If you had told me a few years ago that I would become a mad keen hiker, I probably would have laughed in your face. I was not what you would have called an “outdoors person”, preferring to stay inside writing or reading than sweating up hills. This is still the perception that most people have of me. Of a woman scared to break a nail or a sweat. Apparently people can’t change, or perhaps it’s just that it makes people uncomfortable when they do.

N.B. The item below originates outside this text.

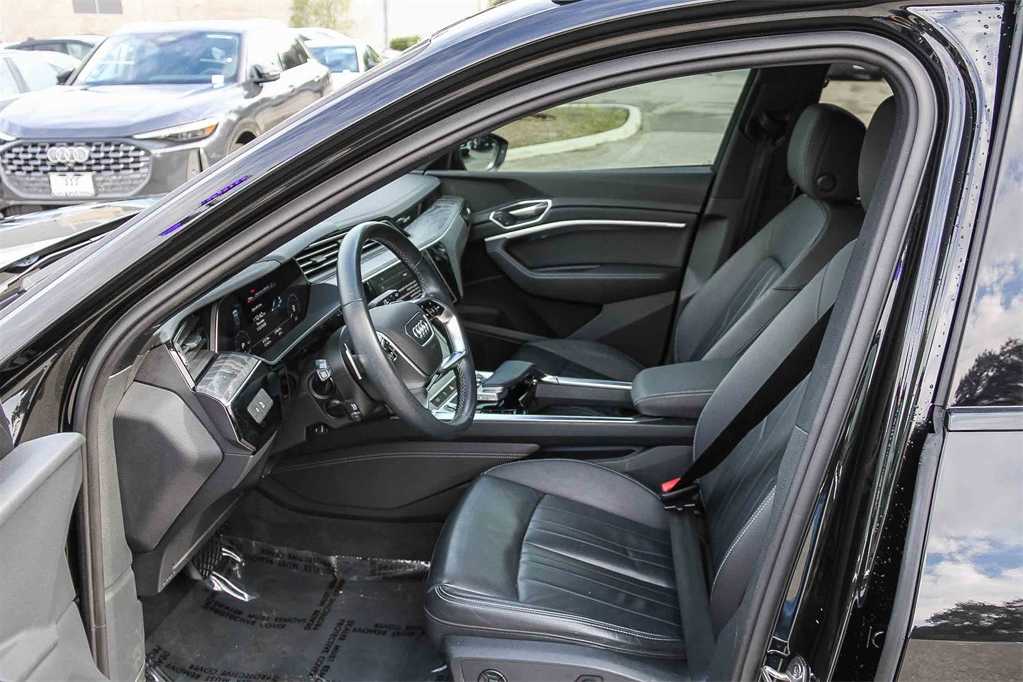 Thumbnail: 2022 Audi e-tron - 19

I recently visited my best friend and her husband who made the move from Sydney to Canberra. Over the course of a week, we did numerous hikes and I realised two things – Canberra in Autumn is really beautiful and I love hiking. The fresh air, the quiet, the solitude – the ability to actually hear yourself think – it’s incredibly healing. Perhaps it’s the challenge, pushing my boundaries, the adrenaline of achieving something. We climbed Mount Ainslie, which afforded a great view of Parliament House, but by far the best hike we did was the Gibraltar Peak at the Tidbinbilla Nature Reserve. I’ve never seen so many wallabies in my life – we literally had to navigate our way through them to get to the track. It was amazing.

Gibraltar Peak, Canberra
Gibraltar Peak, Canberra
Mount Ainslie, Canberra

There are so many beautiful hikes to be done in New South Wales. The other weekend I was in Blackheath at the Blue Mountains National Park for the Grand Canyon track. The walk takes you past waterfalls, creeks and stunning views. We set out early which I strongly recommend. Part of the beauty of the walk is the quiet and the solitude which can often be ruined by loud tourist groups. The walk takes about three hours and there are a lot of stairs. You don’t double back so be sure to take all the photographs you want first time round. A highlight was definitely walking under a waterfall – ok, so it wasn’t the biggest waterfall in the world – but it’s the first one I’ve ever walked under so I was pretty excited.

Grand Canyon track
Evans Lookout, Blackheath

I find it difficult to shut my brain off and I have a bad habit of looking back a lot and dwelling on the past. I indulge frequently in the ‘what ifs’ and contemplate regret more than any one person should. I overthink and over-analyse everything, to the point where I feel as if my head might explode. Whether it’s the exercise, the fact you need to concentrate on not falling to your death or the overwhelming beauty – when I hike, it’s the only time I can silence my thoughts. When I hike I am completely in the moment, present and calm. There is something incredibly satisfying about completing a hike – it’s a beautiful exhaustion.

Evans Lookout, Blackheath
Grand Canyon track

Living in and around the city, I often forget that such stunning and expansive spaces exist. It’s so easy to get caught up in the day to day that we often forget how important it is to take a step back and just take a deep breath. That’s what hiking is for me. One long, slow deep breath.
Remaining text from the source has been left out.